# Exercise material

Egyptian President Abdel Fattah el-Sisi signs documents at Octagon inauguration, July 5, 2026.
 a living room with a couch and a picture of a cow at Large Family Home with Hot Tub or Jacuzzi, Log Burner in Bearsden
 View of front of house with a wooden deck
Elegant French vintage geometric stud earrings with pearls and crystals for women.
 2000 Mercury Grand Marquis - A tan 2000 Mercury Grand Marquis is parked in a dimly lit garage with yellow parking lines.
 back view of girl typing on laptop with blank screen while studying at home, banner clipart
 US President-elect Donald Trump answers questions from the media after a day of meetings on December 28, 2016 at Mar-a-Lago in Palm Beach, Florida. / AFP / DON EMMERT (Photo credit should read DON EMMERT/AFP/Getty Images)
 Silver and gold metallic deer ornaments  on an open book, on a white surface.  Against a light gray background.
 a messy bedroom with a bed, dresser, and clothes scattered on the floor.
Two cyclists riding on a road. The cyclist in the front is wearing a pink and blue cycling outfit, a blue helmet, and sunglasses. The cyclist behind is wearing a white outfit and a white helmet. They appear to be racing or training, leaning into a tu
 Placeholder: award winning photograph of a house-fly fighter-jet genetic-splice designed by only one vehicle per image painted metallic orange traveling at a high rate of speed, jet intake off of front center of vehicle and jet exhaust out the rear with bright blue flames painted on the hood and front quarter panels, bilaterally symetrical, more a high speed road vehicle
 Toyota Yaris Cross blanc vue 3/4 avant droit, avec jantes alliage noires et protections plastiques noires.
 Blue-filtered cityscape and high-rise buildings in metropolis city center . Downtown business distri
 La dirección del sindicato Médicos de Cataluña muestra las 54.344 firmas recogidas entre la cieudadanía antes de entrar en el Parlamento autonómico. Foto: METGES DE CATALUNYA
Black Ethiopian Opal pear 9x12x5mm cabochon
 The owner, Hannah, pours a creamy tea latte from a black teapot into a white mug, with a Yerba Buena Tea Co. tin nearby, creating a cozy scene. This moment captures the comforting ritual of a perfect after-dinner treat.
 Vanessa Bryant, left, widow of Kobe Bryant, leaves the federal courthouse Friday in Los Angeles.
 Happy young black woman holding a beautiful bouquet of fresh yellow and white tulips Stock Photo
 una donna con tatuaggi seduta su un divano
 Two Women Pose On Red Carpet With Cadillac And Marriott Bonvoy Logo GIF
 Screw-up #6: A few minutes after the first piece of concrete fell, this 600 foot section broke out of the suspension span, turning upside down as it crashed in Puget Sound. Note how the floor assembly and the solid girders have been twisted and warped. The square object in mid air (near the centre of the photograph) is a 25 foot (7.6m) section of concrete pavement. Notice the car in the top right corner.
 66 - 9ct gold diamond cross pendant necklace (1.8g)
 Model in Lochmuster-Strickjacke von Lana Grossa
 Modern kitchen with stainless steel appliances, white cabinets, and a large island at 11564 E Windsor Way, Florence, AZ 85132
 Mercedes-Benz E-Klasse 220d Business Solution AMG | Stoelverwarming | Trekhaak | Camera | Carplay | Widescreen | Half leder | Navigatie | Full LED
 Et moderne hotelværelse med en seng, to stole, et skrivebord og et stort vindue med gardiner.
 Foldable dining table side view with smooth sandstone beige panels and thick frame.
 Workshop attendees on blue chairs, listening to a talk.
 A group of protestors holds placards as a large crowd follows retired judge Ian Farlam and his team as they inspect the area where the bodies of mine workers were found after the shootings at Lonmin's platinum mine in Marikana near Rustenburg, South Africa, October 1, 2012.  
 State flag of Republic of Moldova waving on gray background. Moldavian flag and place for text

# The task
Print the listing in full, exactly as given.

# Solution
Egyptian President Abdel Fattah el-Sisi signs documents at Octagon inauguration, July 5, 2026.
 a living room with a couch and a picture of a cow at Large Family Home with Hot Tub or Jacuzzi, Log Burner in Bearsden
 View of front of house with a wooden deck
Elegant French vintage geometric stud earrings with pearls and crystals for women.
 2000 Mercury Grand Marquis - A tan 2000 Mercury Grand Marquis is parked in a dimly lit garage with yellow parking lines.
 back view of girl typing on laptop with blank screen while studying at home, banner clipart
 US President-elect Donald Trump answers questions from the media after a day of meetings on December 28, 2016 at Mar-a-Lago in Palm Beach, Florida. / AFP / DON EMMERT (Photo credit should read DON EMMERT/AFP/Getty Images)
 Silver and gold metallic deer ornaments  on an open book, on a white surface.  Against a light gray background.
 a messy bedroom with a bed, dresser, and clothes scattered on the floor.
Two cyclists riding on a road. The cyclist in the front is wearing a pink and blue cycling outfit, a blue helmet, and sunglasses. The cyclist behind is wearing a white outfit and a white helmet. They appear to be racing or training, leaning into a tu
 Placeholder: award winning photograph of a house-fly fighter-jet genetic-splice designed by only one vehicle per image painted metallic orange traveling at a high rate of speed, jet intake off of front center of vehicle and jet exhaust out the rear with bright blue flames painted on the hood and front quarter panels, bilaterally symetrical, more a high speed road vehicle
 Toyota Yaris Cross blanc vue 3/4 avant droit, avec jantes alliage noires et protections plastiques noires.
 Blue-filtered cityscape and high-rise buildings in metropolis city center . Downtown business distri
 La dirección del sindicato Médicos de Cataluña muestra las 54.344 firmas recogidas entre la cieudadanía antes de entrar en el Parlamento autonómico. Foto: METGES DE CATALUNYA
Black Ethiopian Opal pear 9x12x5mm cabochon
 The owner, Hannah, pours a creamy tea latte from a black teapot into a white mug, with a Yerba Buena Tea Co. tin nearby, creating a cozy scene. This moment captures the comforting ritual of a perfect after-dinner treat.
 Vanessa Bryant, left, widow of Kobe Bryant, leaves the federal courthouse Friday in Los Angeles.
 Happy young black woman holding a beautiful bouquet of fresh yellow and white tulips Stock Photo
 una donna con tatuaggi seduta su un divano
 Two Women Pose On Red Carpet With Cadillac And Marriott Bonvoy Logo GIF
 Screw-up #6: A few minutes after the first piece of concrete fell, this 600 foot section broke out of the suspension span, turning upside down as it crashed in Puget Sound. Note how the floor assembly and the solid girders have been twisted and warped. The square object in mid air (near the centre of the photograph) is a 25 foot (7.6m) section of concrete pavement. Notice the car in the top right corner.
 66 - 9ct gold diamond cross pendant necklace (1.8g)
 Model in Lochmuster-Strickjacke von Lana Grossa
 Modern kitchen with stainless steel appliances, white cabinets, and a large island at 11564 E Windsor Way, Florence, AZ 85132
 Mercedes-Benz E-Klasse 220d Business Solution AMG | Stoelverwarming | Trekhaak | Camera | Carplay | Widescreen | Half leder | Navigatie | Full LED
 Et moderne hotelværelse med en seng, to stole, et skrivebord og et stort vindue med gardiner.
 Foldable dining table side view with smooth sandstone beige panels and thick frame.
 Workshop attendees on blue chairs, listening to a talk.
 A group of protestors holds placards as a large crowd follows retired judge Ian Farlam and his team as they inspect the area where the bodies of mine workers were found after the shootings at Lonmin's platinum mine in Marikana near Rustenburg, South Africa, October 1, 2012.  
 State flag of Republic of Moldova waving on gray background. Moldavian flag and place for text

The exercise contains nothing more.